Why it matters: The House GOP has just 10 days to decide whether to risk a government shutdown, with one member telling Axios it can't be an option with "the world on fire."
Driving the news: Johnson laid out multiple options to his members during a closed-door meeting on Tuesday, including:
- A two-step "laddered" approach;
- A stopgap that would run through mid-January with "certain stipulations,"
- Getting "jammed" by the Senate.
What they're saying: "'I'm not going to show you all the cards right now. We have some very constructive and I think very positive discussions going on," Johnson told reporters.
- "I think it should be palatable to our colleagues in the Senate because they understand we've got to get the job done."
Zoom in: The current government stopgap funding expires on Nov. 17.
- Former House Speaker Kevin McCarthy (R-Calif.) was ousted over his decision to rely on Democratic votes to avert a government shutdown, but just over a month later, the House is back in the same position.
- Johnson is expected to be granted more leeway by hardliners, but conservatives are still demanding that the next stopgap be paired with deep spending cuts — putting them on a collision course with the Senate and White House.

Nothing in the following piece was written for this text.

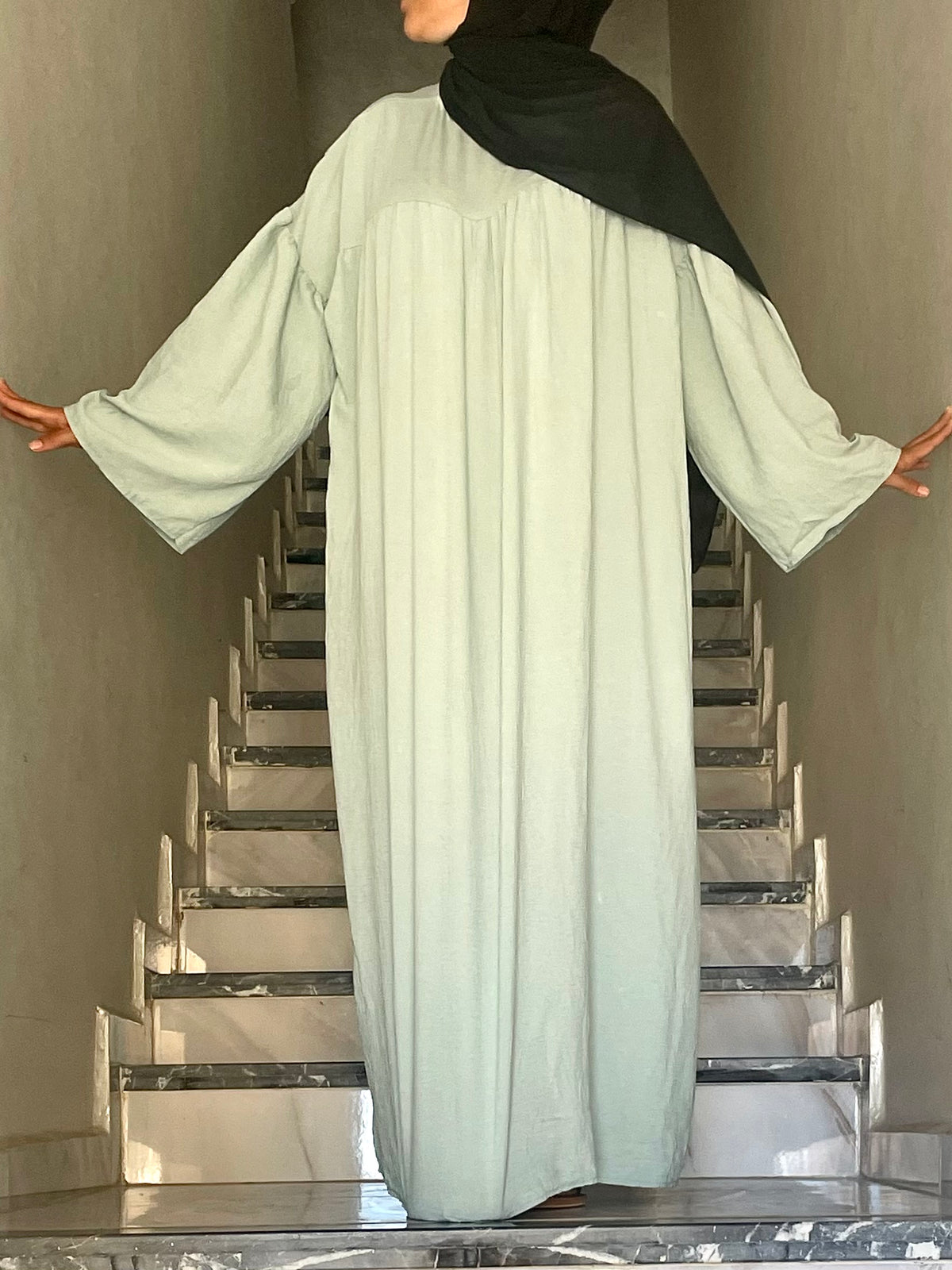 Linen-look abaya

Between the lines: Johnson's untested "laddered" stopgap would fund certain parts of the government through mid-December — and others through mid-January — while Congress finishes work on its appropriations bills.
Reality check: "The problem is I don't know how you shut down part of the government and not the other part of the government — you've got to keep all this stuff in sync," one senior GOP lawmaker told Axios.
- Another Republican member said the Senate hasn't been consulted enough: "If you just do [a laddered CR] hypothetically without ever asking Mitch McConnell or Chuck Schumer ... I just think it's like we're arguing with ourselves."
Other GOP lawmakers worry that holiday deadlines could lead to the House getting jammed with a sweeping omnibus spending bill — an apocalyptic scenario for most conservatives.
- One member floated "punting" the next funding deadline until April to give the House time to finish its appropriations bills and engage with the Senate on the bipartisan compromise that will ultimately be necessary.
- If no progress is made, the member noted, the debt ceiling deal passed by Congress in June would impose automatic 1% budget cuts across the board.
What's next: House GOP leadership is aiming to come to a consensus and bring a bill to the floor next week.
- Senate appropriators are mulling a stopgap that would last through the week of Dec. 11.